The next step in accessibility was ensuring that no user was excluded based on economic and linguistic barriers. botco.ai’s aim is to make their products available across multiple languages so every community has access to the right support. Rebecca, a Latinx entrepreneur from an immigrant family, knows first-hand the challenges non-native English speakers have navigating the health system; AI, she says, has made it possible to solve this pain point:

One of the most wonderful things about generative AI is that it has unlocked [tech] from a language standpoint. There are some topics that are very personal that people feel more comfortable discussing in their native language. So having that accessibility improves outcomes for everybody.

Rebecca believes that inclusivity should be part of a company’s mission, and that going out of their way to make a service accessible in someone’s language brings them closer to their users: “It just completely changes the dynamic. It makes people feel more welcome when they see their language represented in these with their provider or whoever they're interacting with.”

The Botco.ai team has been quick to respond to rapid advancements in technology. Rebecca says, “I'm really proud of our team and how we've adjusted ourselves to realizing that this technology is constantly changing, and we're going to need to adopt it at a faster pace.” Rebecca is candid about how hard this is for organizations, and credits being an early stage startup and a small team with being nimble enough to productize and launch new technology.

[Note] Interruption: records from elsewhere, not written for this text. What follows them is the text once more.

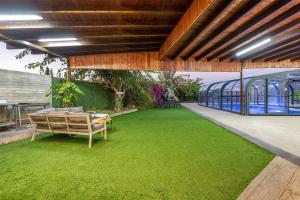 an outdoor patio with a green lawn and a glass building at אחוזת כנען - וילה מדהימה עם בריכה פרטית מחוממת וג'קוזי in Yarka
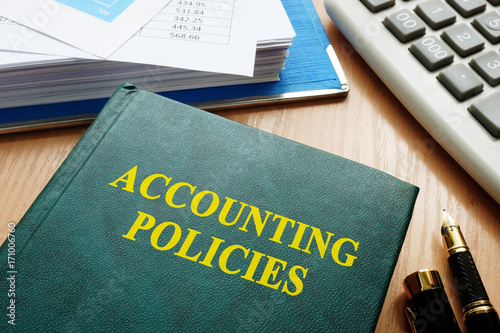 Book with title accounting policies on a table.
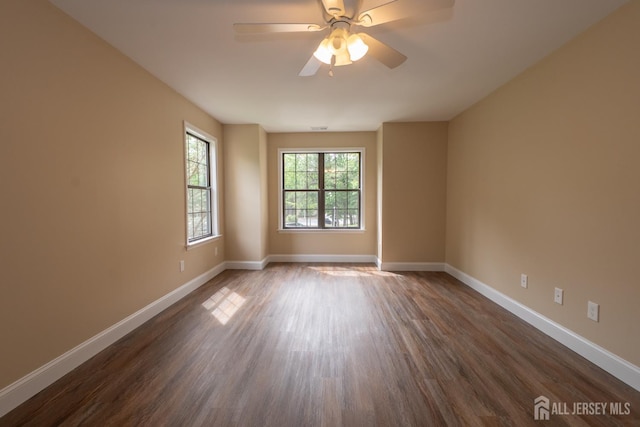 2708 Ridgefield Ct, Helmetta, NJ 08828 - unfurnished room featuring dark wood-type flooring, baseboards, and ceiling fan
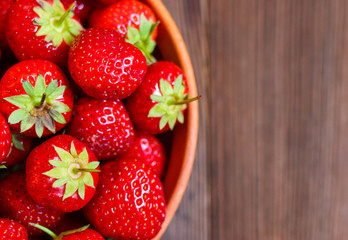 Red tasty strawberries in a clay plate on a wooden background. Freshly picked strawberries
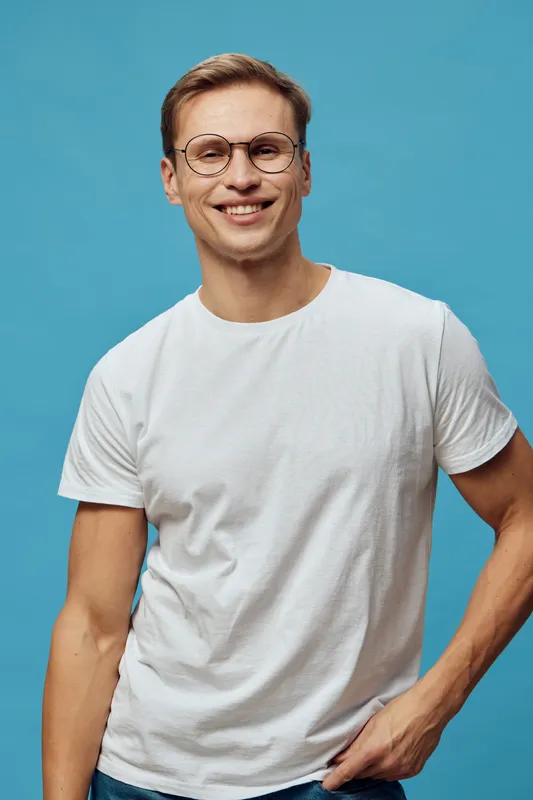 Smiling man wearing glasses and white t-shirt posing on blue background. Studio portrait demonstrating happiness, positivity, casual style, cheerful mood, young adult male, friendly expression, relaxe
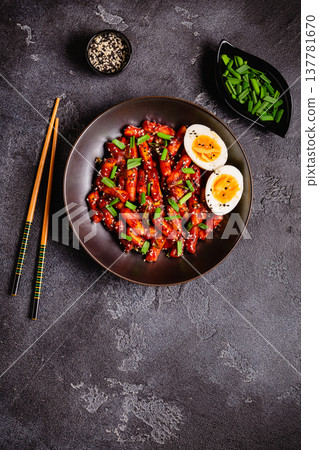 Tteokbokki, Teopokki fried rice cake in black bowl. 137781670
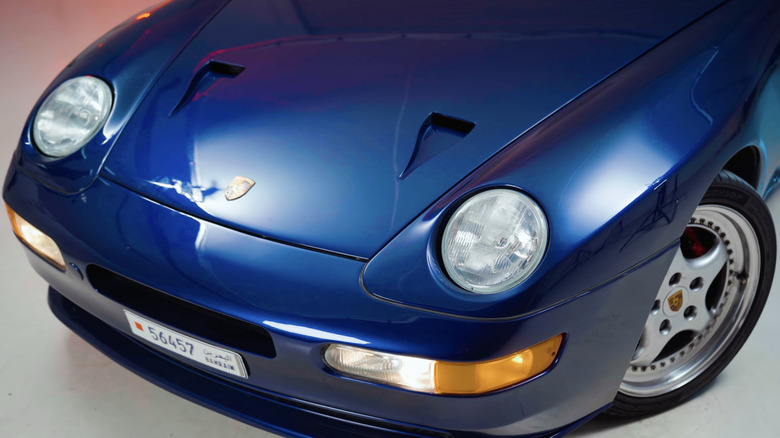 Передняя часть редкого синего Porsche 968 Turbo S крупным планом под студийным освещением в гараже.
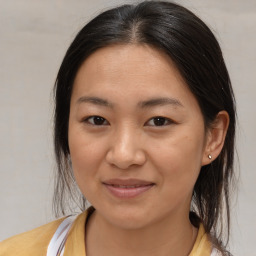 Joyful white young-adult female with medium  brown hair and brown eyes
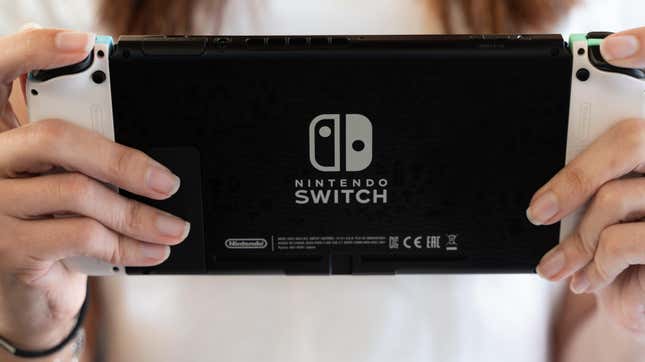 A woman's hands are seen holding a black and white Nintendo Switch OLED model, viewed from the back with the logo visible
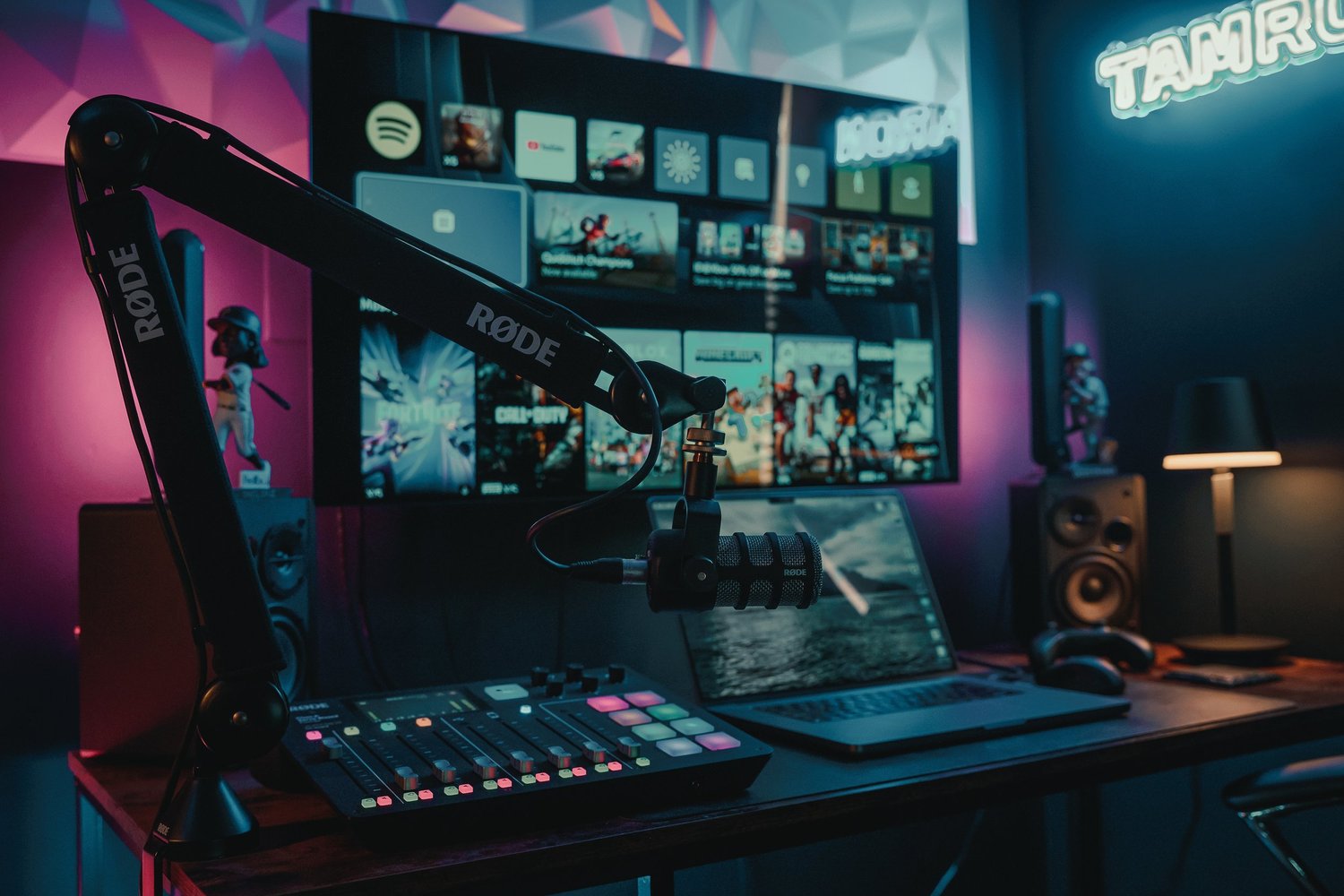 Pittsburgh studio desk setup with RODE microphone, RODECaster Pro, MacBook, monitors, RGB lighting, and acoustic treatment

The company has also hit a milestone: a million dollars in ARR and recurring revenue. Rebecca explains why this is so meaningful for a young startup: “That's really important for a startup, because it shows you're now financially viable, you can live out in the world. You're generating enough revenue now that you could foreseeably turn a path to eventual profit. It ‘de-risks’ the business a little bit, and people take us more seriously.”

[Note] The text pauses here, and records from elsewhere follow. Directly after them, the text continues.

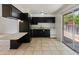 Charming kitchen featuring black cabinets, standard appliances and a sliding glass door at 524 W Fairway Dr # 9, Mesa, AZ 85201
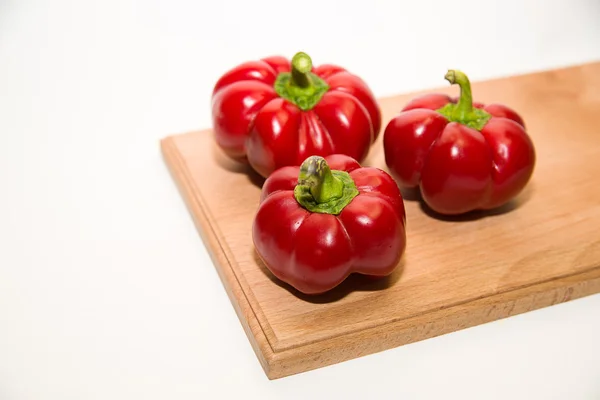 Three ripe red peppers on over white — Stock Photo, Image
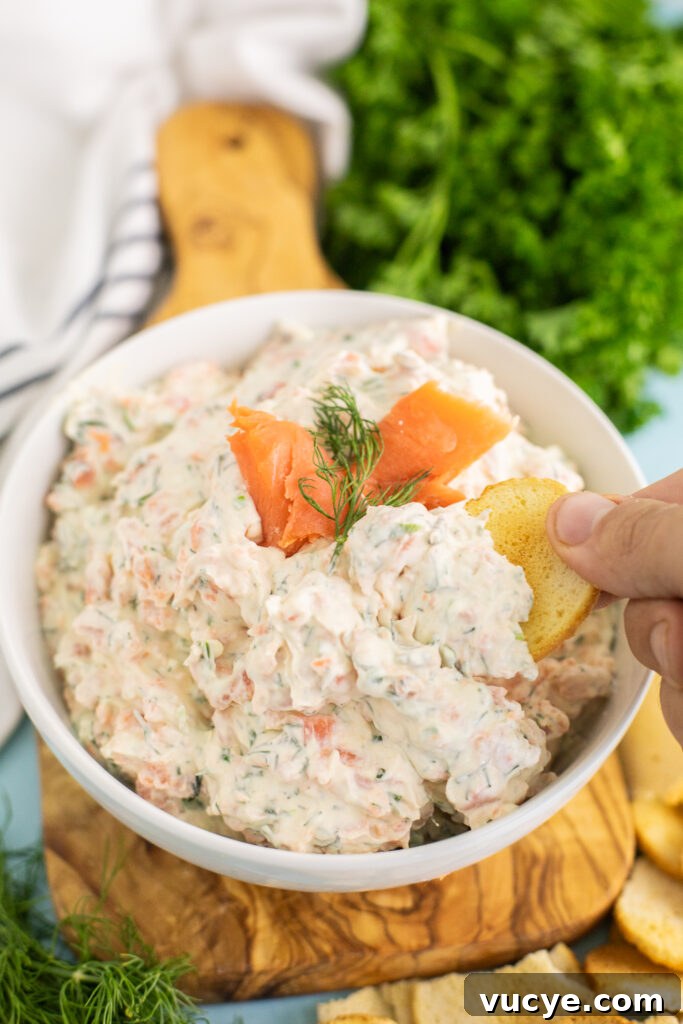 Salmon and Cream Cheese Dip & Spread: Lox-Style Appetizer Recipe 2 Smoked Salmon Dip in a white ceramic bowl topped with slices of smoked salmon and a sprig of fresh dill with a bagel chip dipping in.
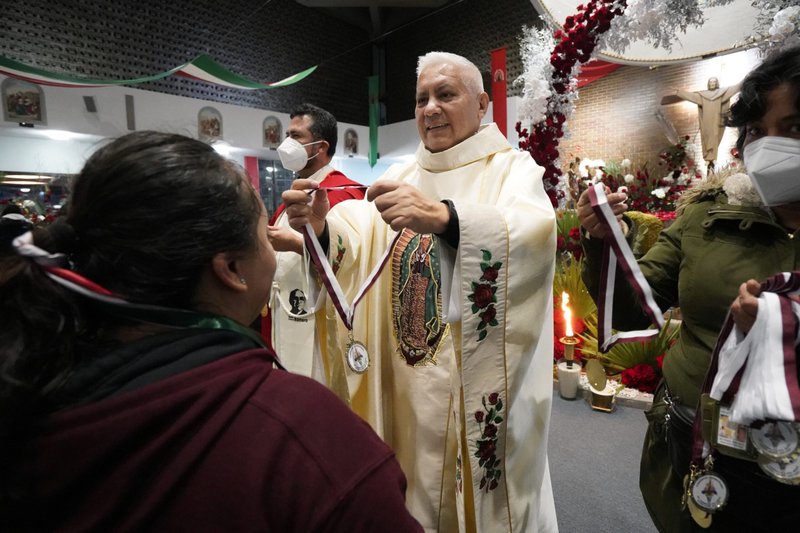El padre jesuita Hernán Paredes entrega una medalla conmemorativa a una participante de la Carrera Antorcha Guadalupana tras su llegada a la iglesia de Nuestra Señora del Carmen en Staten Island, N.Y., el 11 de diciembre de 2022, víspera de la festividad de Nuestra Señora de Guadalupe. El recorrido anual de la antorcha en honor a la patrona de México y las Américas comienza en la Basílica de Nuestra Señora de Guadalupe en la Ciudad de México y concluye en la Catedral de San Patricio en la ciudad de Nueva York en la fiesta de Nuestra Señora de Guadalupe el 12 de diciembre. (Foto OSV News/Gregory A. Shemitz)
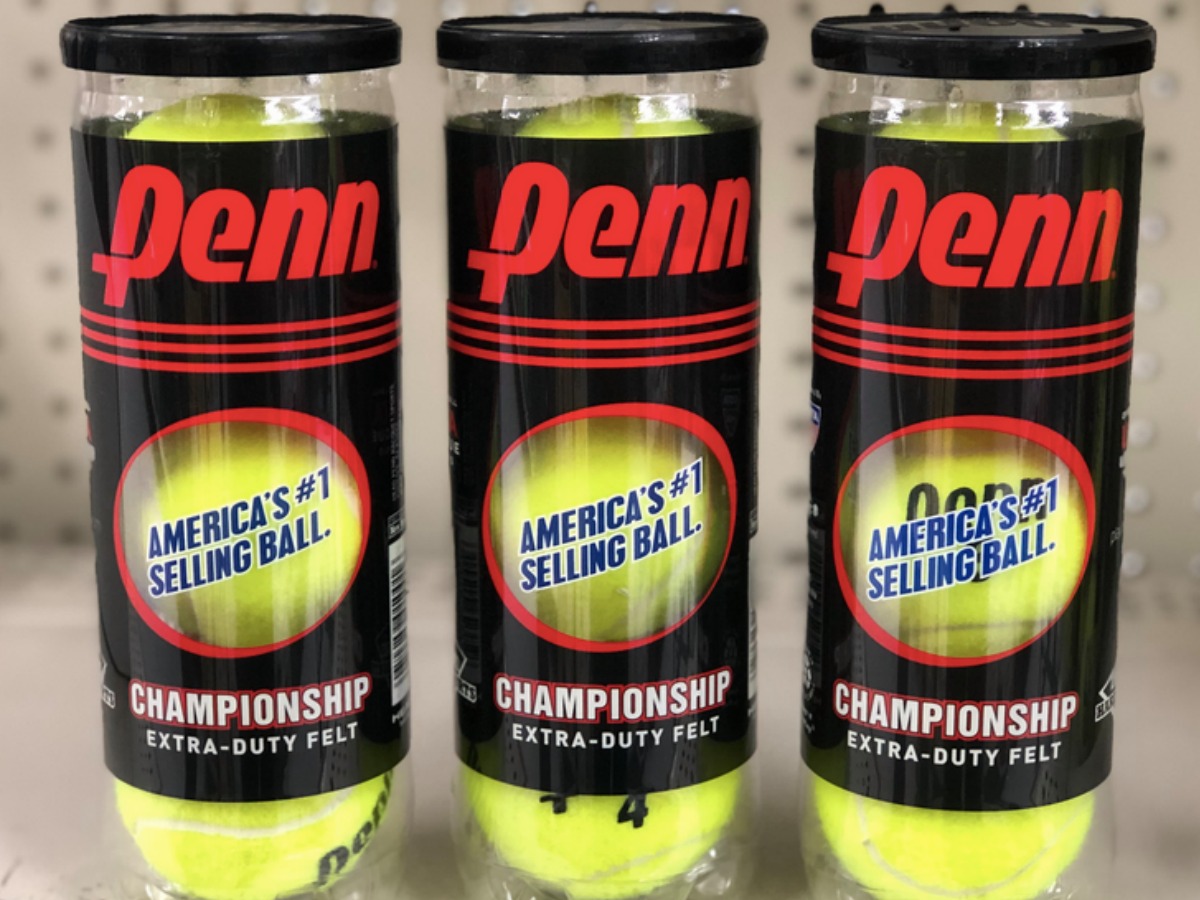 three containers of tennis balls on shelf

From organizing data sets to training their models, botco.ai has leveraged a fast-evolving Google tech stack to build its product. “Google is at every touch point of our product,” Rebecca says. “We use Google Sheets for a lot of the tables that we reference in our AI services, and dialogflow and Gemini have helped us solve complex problems that would have previously required more resources. So I don't know where it ends and where it begins.” Lately, botco.ai has been testing Gemini’s ability to build crucial guardrails for patient conversations, such as questions about health insurance plans; “We were pleasantly surprised to see that it could handle that level of complexity and nuance that would have been a lot more difficult in the past.”

Rebecca cites one of the company’s biggest wins as being accepted to the Latino Founders Fund, and speaks to the experience of finding a community of underrepresented founders at a similar stage of business: “It was really cool to meet them, hear their stories, and realize that, okay, I’m not alone in this. There really is a good community for us here.” Mentorship and introductions, she says, have been “significant”, as well as early access to technology such as Gemini and hands-on access to support and expertise.

botco.ai has come a long way from waiting on hold for healthcare—the company’s latest customer is a $2 billion publicly traded company. Rebecca recognizes the company’s achievement: “We’re at the table with big players now. We have state governments, healthcare organizations, and now Fortune 1000 companies using our product.” Her vision for the future of the company is inextricably interwoven with the future of AI; additions to the product include integrating generative AI-powered voice and video chat. She emphasizes the importance of humans and technology working hand-in-hand by using AI to ameliorate human limitations:

In the end, it's all about meeting the customer where they are and giving them the channel they're most comfortable with. It would be undoable without AI.